Day 4 of the bush safari segment of our tour began with an early start and a long road. I knew this would be our longest driving day. Even though the miles were not great, Botswana's roads leave much to be desired. And even thought our safari vehicles were considerably more comfortable than the Namibia "Battle Bus," I expected a long, tiring, road day. So I was pleasantly surprised to learn our entire drive would take place in Chobe National Park - another of the great game viewing venues of Africa. It was more like a day-long game drive than the dusty, bumpy, enervating trek I anticipated.
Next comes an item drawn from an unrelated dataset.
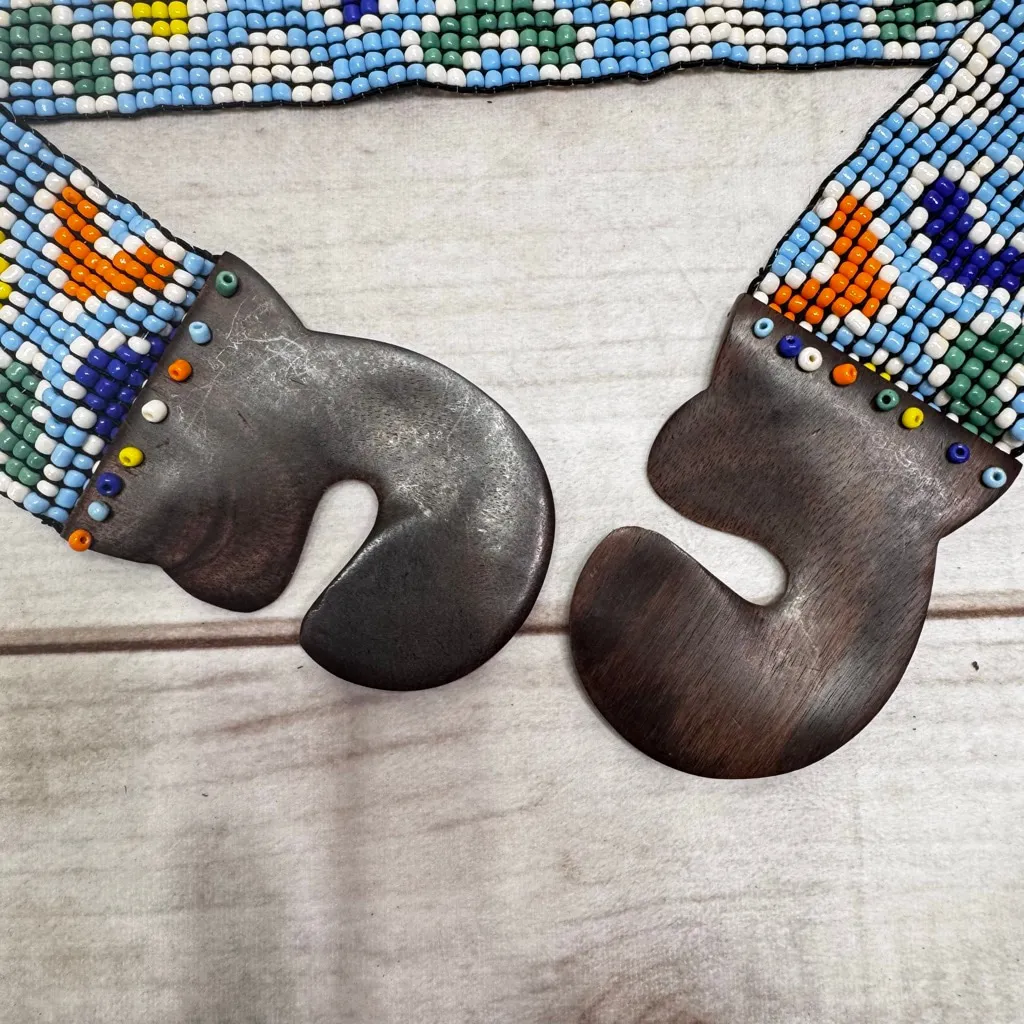 Vintage Handmade Beaded Stretch Belt Wood Buckle Southwest Indian Tribal Boho Blue - Image 4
Sometimes I love being wrong on a tour.
The day's highlights, while still exciting for us, were mostly repeats of game I have already written about. But I will mention we saw ANOTHER cheetah! Inconceivable. This was the cheetah tour for sure! Also, we saw our first kudus. These are the largest of the African antelopes and very colorful too.
Their redish-brown bodies are brightly accented with black and white markings on face, neck, and hindquarters - and the whole ensemble is crowned with majestic twisting horns. Really quite elegant and striking animals (and good to eat too). We saw them at the very end of the day as we approached Kasane in the north-east corner of Chobe and the late afternoon light made them even more enjoyable.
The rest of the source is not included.